On Tuesday, October 13, 2020 10:09 AM, Tsunakawa-san wrote:
> Why do you do this way? I think the previous patch was more correct (while
> agreeing with Horiguchi-san in that nTotalBlocks may be unnecessary. What
> you want to do is "if the size of any fork could be inaccurate, do the traditional
> full buffer scan without performing any optimization for any fork," right? But
> the above code performs optimization for forks until it finds a fork with
> inaccurate size.
>
> (2)
> + * Get the total number of cached blocks and to-be-invalidated
> blocks
> + * of the relation. The cached value returned by smgrnblocks could
> be
> + * smaller than the actual number of existing buffers of the file.
>
> As you changed the meaning of the smgrnblocks() argument from cached to
> accurate, and you nolonger calculate the total blocks, the comment should
> reflect them.
>
>
> (3)
> In smgrnblocks(), accurate is not set to false when mdnblocks() is called.
> The caller doesn't initialize the value either, so it can see garbage value.
>
>
> (4)
> + if (nForkBlocks[i] != InvalidBlockNumber &&
> + nBlocksToInvalidate <
> BUF_DROP_FULL_SCAN_THRESHOLD)
> + {
> ...
> + }
> + else
> + break;
> + }
>
> In cases like this, it's better to reverse the if and else. Thus, you can reduce
> the nest depth.
Thank you for the review!
1. I have revised the patch addressing your comments/feedback. Attached are the latest set of patches.

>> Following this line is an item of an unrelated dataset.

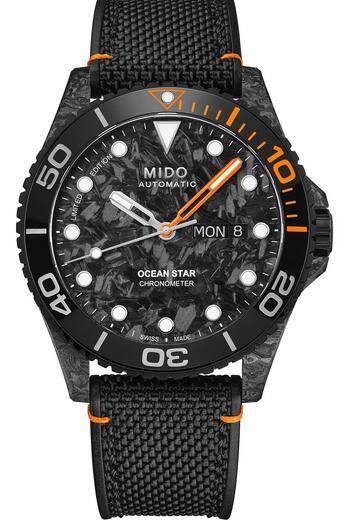 Mido Ocean Star 200C M042.431.77.081.00 Carbon Limited Edition  - 1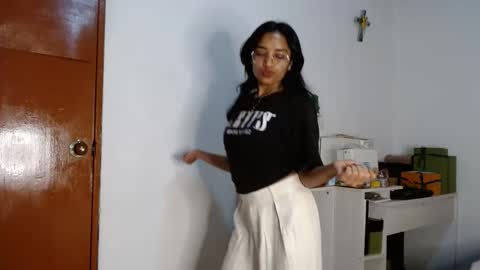 Alia  online show from September 26, 2025, 1:48 pm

2. Non-recovery Performance
I also included a debug version of the patch (0004) where I removed the recovery-related checks
to measure non-recovery performance.
However, I still can't seem to find the cause of why the non-recovery performance
does not change when compared to master. (1 min 15 s for the given test case below)
> - if (InRecovery && reln->smgr_cached_nblocks[forknum] != InvalidBlockNumber)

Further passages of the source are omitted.